Forum Moderators: DixonJones

Message Too Old, No Replies

Tricky Webtrends filter

...for the Webtrend gurus out there....

         

pixie

12:40 am on Sep 16, 2002 (gmt 0)

10+ Year Member



I have a bit of a problem and was hoping someone could help (I'll try to make this quick).

I have a site that uses different servernames to access unique portions of the site. (i.e., [careers.company.com...] goes to the careers section of the site). Only pages related to the careers should be using this URL.

This works really well, but somewhere along the way the googlebot managed to index a number of pages with the wrong URL. (i.e. a page in the news section was indexed as [careers.company.com...]

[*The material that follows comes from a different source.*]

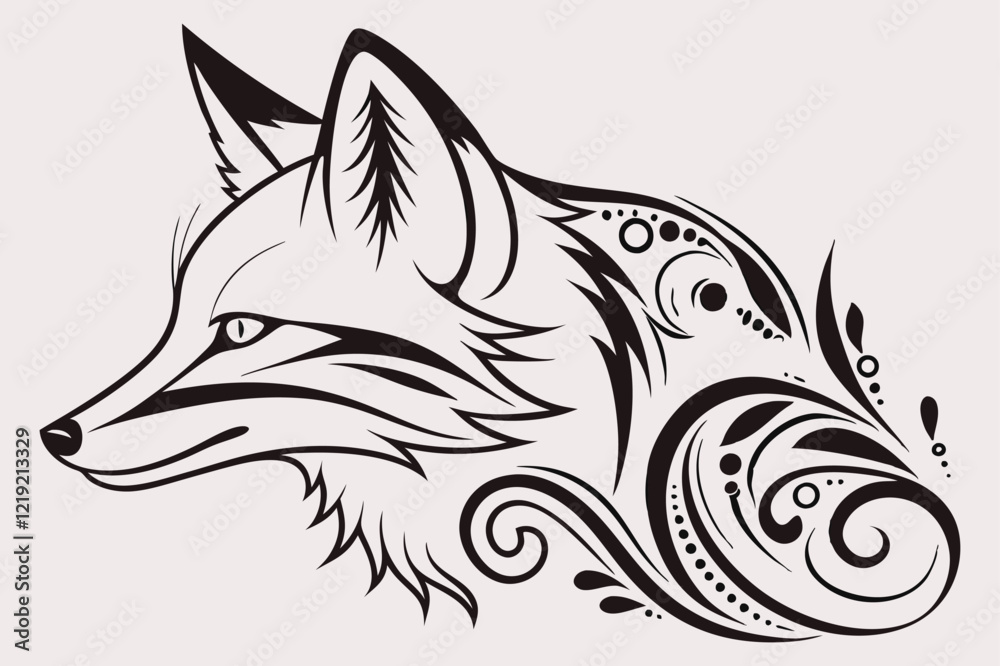 Fototapeta premium A minimalist black and white silhouette of a Rose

From the user's standpoint, it's doesn't matter. When they click on a link in Google, they'll go to the correct page. It's only for me that it suddenly creating a reporting nightmare.

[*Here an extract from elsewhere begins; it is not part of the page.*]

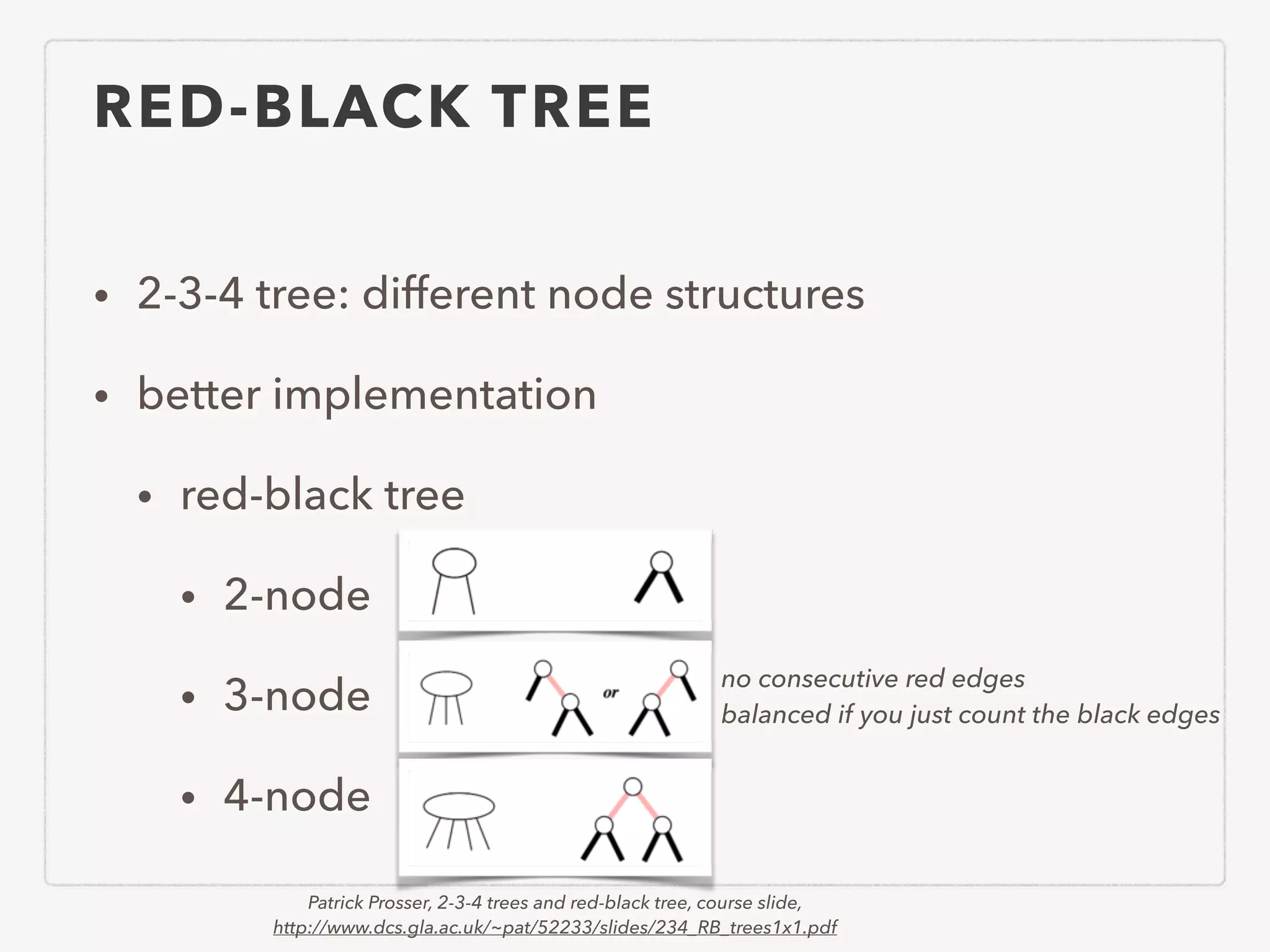 RED-BLACK TREE • 2-3-4 tree: different node structures • better implementation • red-black tree • 2-node • 3-node • 4-node no consecutive red edges balanced if you just count the black edges Patrick Prosser, 2-3-4 trees and red-black tree, course slide, http://www.dcs.gla.ac.uk/~pat/52233/slides/234_RB_trees1x1.pdf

I need to exclude certain portions of our site for some reporting. Up until now I could easliy do by using a combination of "Multi Homed Domain" and "Directory" filters.

However, now because of these rogue urls I'm running into a problem.

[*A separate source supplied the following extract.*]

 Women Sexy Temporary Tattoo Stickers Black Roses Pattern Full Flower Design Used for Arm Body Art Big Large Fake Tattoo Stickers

Okay, so here's what I am trying to accomplish...

I need to EXCLUDE everything that goes to the root URL of "http://resources.company.com/" , but at the same time I need to INCLUDE the rogue urls that come up as, for example, [resources.company.com...] (this litterally could be any extended path).

If I Exclude "resources.company.com" using the "Multi Homed Domain" filter, then I end up losing the rogue pages as well - which I need to keep. I've tried the "Full URL", "File Only", and "Entry Page" filters, but they just ignore me when I try to filter out the path "http://resources.company.com/" .

Am I making sense?

If I had the Analyzer Suite from Webtrends it would be no problem because it has a URL Search and Replace feature that would allow me to replace the rogue URL with the correct one (i.e., replace "resources.company.com" with "www.company.com"). But, I only have the Log Analyzer and it doesn't have this feature.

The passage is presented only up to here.